I gave a talk titled “Exploratory Data Analysis” @ GNUnify 2014. The intention of the talk was to introduce people to how easy it is to use tools like pandas to visualise data. Also introduce people to some great tools like OpenRefine to clean data.

I used some data I had pulled via twitter stream for with #NowListening. The original idea was to discover new music, but later I realised it was going into the realms of Natural Language Processing, so I stuck to showcasing some analysis of the tweets based on the meta-data of each tweet.

I briefly showcased how using the good old unix tools like sed, awk & GNU Parallel can be used to manipulate data.

I also showed how data from Indian Government Data Portal can be used to see trends in mobile vs landline penetration and usage patterns.

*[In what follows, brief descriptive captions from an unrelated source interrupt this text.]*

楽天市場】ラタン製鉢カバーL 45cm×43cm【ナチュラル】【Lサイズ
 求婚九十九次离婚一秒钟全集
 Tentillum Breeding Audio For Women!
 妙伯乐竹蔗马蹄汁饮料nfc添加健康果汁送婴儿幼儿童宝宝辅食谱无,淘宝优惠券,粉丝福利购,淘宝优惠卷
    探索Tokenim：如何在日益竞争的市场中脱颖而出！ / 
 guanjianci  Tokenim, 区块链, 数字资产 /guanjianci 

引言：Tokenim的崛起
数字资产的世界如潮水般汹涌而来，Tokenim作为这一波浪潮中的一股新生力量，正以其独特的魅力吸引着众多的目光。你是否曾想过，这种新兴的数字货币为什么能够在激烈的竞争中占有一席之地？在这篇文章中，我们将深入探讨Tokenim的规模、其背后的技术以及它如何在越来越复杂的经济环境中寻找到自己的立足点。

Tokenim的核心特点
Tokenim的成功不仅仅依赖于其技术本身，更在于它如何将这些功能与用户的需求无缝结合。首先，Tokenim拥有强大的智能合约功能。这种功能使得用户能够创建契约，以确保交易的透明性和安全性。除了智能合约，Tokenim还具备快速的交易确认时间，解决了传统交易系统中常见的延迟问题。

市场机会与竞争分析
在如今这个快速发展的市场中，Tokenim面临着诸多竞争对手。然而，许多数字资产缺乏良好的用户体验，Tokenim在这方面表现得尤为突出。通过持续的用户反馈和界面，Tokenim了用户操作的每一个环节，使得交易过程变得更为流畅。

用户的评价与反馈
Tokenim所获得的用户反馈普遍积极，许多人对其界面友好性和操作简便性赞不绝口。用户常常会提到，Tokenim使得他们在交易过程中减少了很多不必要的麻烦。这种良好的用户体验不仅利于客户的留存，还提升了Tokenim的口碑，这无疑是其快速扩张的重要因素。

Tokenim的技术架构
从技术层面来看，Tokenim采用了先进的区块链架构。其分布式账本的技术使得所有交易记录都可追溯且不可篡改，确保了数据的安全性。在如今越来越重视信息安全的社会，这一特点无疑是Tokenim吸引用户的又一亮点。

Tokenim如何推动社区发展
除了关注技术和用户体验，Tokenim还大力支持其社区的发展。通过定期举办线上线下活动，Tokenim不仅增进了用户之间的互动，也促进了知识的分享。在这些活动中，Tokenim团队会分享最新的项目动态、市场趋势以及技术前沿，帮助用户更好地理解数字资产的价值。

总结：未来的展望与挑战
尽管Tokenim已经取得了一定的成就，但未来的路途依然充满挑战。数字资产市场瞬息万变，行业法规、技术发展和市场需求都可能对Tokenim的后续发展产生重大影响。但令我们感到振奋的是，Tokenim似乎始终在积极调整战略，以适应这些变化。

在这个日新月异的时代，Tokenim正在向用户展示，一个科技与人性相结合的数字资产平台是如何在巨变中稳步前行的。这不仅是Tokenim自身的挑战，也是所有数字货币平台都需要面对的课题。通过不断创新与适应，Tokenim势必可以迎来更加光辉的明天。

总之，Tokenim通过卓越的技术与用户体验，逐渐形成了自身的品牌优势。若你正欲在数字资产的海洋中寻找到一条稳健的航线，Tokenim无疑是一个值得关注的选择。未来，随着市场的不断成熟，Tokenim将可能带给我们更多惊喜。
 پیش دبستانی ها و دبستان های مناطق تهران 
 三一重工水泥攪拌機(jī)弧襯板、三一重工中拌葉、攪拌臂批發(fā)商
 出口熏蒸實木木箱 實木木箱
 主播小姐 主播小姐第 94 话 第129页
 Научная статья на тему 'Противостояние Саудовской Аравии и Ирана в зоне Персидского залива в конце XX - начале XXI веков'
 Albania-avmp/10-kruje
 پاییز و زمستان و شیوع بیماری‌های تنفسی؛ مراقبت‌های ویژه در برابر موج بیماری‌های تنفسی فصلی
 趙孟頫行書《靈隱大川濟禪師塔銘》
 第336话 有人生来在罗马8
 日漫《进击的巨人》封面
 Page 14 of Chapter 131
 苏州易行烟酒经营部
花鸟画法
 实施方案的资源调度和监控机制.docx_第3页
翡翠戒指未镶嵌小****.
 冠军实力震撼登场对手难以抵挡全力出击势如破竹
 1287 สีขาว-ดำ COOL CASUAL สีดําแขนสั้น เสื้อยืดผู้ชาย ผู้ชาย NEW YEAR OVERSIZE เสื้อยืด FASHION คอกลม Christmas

Lastly, used StatsModels, a python module, to show how linear regression is done and how the results change, if you look at partial variables and then use all the variables available. I got the data from the website of the book “An Introduction to Statistical Learning”

I also wanted to showcase the use of OpenRefine. But the organisers, at the last minute, insisted that I have to use a GNU/Linux machine and my Apple Macbook, running proprietary operating system cannot be used for GNU event. I did not have time to move my data and install OpenRefine onto the new box that was given to me.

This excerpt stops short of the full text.